▶ _WHAT IS EXPECTED_:
Please return the data that follows precisely as written, but without the images.
─── DATASET EXTRACT
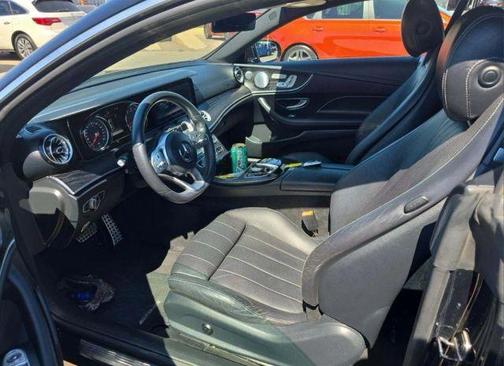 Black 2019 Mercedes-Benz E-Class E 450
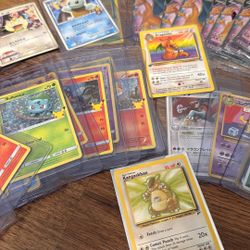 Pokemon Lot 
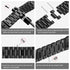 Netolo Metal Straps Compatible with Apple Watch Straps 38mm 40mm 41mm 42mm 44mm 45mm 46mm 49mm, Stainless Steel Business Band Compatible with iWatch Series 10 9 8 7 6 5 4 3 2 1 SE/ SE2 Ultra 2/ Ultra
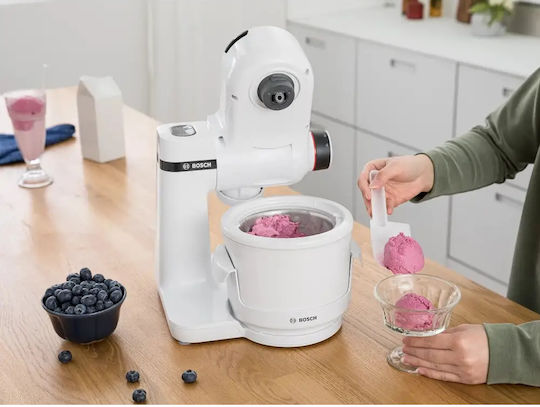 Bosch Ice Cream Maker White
──────
▶ _SOLUTION BELOW_:
 Black 2019 Mercedes-Benz E-Class E 450
 Pokemon Lot 
 Netolo Metal Straps Compatible with Apple Watch Straps 38mm 40mm 41mm 42mm 44mm 45mm 46mm 49mm, Stainless Steel Business Band Compatible with iWatch Series 10 9 8 7 6 5 4 3 2 1 SE/ SE2 Ultra 2/ Ultra
 Bosch Ice Cream Maker White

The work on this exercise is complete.